## [Exercise description]
Below are the records; restate word for word the lines from the first through the one containing "New 2026 Nissan Rogue SV image 25", and only those.

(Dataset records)
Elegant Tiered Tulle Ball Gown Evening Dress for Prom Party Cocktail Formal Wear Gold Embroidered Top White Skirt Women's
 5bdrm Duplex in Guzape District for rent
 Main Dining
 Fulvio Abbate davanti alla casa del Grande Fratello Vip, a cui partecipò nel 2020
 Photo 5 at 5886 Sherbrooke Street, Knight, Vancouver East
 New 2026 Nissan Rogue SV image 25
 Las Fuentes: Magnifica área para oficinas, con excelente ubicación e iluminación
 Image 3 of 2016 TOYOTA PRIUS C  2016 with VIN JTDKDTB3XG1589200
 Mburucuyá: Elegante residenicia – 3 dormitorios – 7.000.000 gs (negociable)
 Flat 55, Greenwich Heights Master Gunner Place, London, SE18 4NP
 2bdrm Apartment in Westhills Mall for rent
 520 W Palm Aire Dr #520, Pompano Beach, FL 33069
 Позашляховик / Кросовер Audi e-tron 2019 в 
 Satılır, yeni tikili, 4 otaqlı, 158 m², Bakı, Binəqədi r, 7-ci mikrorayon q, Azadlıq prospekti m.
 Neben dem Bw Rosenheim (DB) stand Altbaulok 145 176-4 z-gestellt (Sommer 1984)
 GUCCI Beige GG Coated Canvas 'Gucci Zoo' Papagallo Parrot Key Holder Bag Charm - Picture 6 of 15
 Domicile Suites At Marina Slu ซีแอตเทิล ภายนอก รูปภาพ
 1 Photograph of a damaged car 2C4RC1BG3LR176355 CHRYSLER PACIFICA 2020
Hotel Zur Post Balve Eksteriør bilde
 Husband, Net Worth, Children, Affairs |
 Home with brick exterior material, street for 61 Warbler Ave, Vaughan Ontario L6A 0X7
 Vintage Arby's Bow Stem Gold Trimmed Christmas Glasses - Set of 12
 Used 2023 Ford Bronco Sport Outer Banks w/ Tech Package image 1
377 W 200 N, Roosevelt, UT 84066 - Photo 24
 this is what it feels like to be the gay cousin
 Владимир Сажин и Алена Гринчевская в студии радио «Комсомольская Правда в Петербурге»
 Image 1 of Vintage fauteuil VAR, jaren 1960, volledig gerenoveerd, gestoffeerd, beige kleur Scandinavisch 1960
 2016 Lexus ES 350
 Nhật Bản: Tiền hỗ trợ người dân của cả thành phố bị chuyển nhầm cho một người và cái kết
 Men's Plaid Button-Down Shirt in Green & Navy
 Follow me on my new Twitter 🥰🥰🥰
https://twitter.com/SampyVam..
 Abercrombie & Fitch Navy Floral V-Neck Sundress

## [Result of the task]
Elegant Tiered Tulle Ball Gown Evening Dress for Prom Party Cocktail Formal Wear Gold Embroidered Top White Skirt Women's
 5bdrm Duplex in Guzape District for rent
 Main Dining
 Fulvio Abbate davanti alla casa del Grande Fratello Vip, a cui partecipò nel 2020
 Photo 5 at 5886 Sherbrooke Street, Knight, Vancouver East
 New 2026 Nissan Rogue SV image 25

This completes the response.